Personages blijven vaag in compositie Konrad Boehmer
Karikaturale exaltatie in opera Woutertje Pieterse


NRC Handelsblad 6 juni 1988
Paul Luttikhuis

 

Multatulie legt in Woutertje Pieterse Stoffel, de saaie en oerdegelijke broer van Woutertje, de volgende woorden in de mond: "Zie-je moeder, er is comedie en comedie. Uwe moet onderscheid maken tussen 'n treurspel en... de vertoning van allerlei gekheid, waaruit een mens niets leren kan."
 
Konrad Boehmer zal het niet met Stoffel eens zijn. Zijn bewerking van Multatuli's 'boek' tot een opera, die zaterdag in de Rotterdamse Schouwburg in première ging, is een opeenstapeling van 'allerlei gekheid', juist met de bedoeling om er iets uit te leren.
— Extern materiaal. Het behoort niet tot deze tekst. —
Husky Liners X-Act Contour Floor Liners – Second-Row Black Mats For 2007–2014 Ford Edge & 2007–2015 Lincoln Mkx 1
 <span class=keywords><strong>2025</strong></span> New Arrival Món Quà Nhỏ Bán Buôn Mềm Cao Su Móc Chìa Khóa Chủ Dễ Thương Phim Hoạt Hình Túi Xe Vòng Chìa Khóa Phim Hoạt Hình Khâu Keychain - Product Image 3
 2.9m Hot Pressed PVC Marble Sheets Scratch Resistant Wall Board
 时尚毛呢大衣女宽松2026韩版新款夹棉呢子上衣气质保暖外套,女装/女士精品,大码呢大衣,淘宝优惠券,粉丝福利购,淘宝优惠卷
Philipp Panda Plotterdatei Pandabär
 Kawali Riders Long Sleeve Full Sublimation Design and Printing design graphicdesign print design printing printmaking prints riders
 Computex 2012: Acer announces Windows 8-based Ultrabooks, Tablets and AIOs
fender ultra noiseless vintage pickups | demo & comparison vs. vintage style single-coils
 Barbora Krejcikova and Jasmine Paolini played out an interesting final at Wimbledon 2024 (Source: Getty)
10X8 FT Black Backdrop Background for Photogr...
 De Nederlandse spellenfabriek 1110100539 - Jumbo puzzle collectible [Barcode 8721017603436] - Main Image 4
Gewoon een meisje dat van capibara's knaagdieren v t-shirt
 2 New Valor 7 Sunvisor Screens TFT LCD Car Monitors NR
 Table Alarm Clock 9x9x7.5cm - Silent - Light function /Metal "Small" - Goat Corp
Het kwaad van het klein-burgerlijke bestaan wordt erin aan het licht gebracht: de verstikking van de vrijheid, de onderdrukking van de fantasie. Dat wacht de jonge held op zijn weg naar de volwassenheid.
 
Woutertje staat aan het begin van die weg. Heel even ziet hij er zelfs nog uit als een peuter, die onschuldig het geharrewar gadeslaat van zijn familie en de anderen, zowel bij Multatuli als bij Boehmer karikaturen. Dan zet Woutertje letterlijk zijn peuter-hoofd af, zijn onschuld kan hij niet behouden. Het wordt tijd dat hij zich in de wereld mengt. Hij doet dat meteen al verkeerd. Hij steelt een bijbel, geeft zich over aan de fantasie van een roman over de knappere ridder Glorioso (kitscherig uitgebeeld door een robuuste Romein, Woutertjes zwijgzame alter-ego), raakt zijn geld kwijt aan de o zo fatoenlijke Hallemannetjes en dicht een in de ogen van schoolmeester Pennewip onzedelijk, 'Roverslied'.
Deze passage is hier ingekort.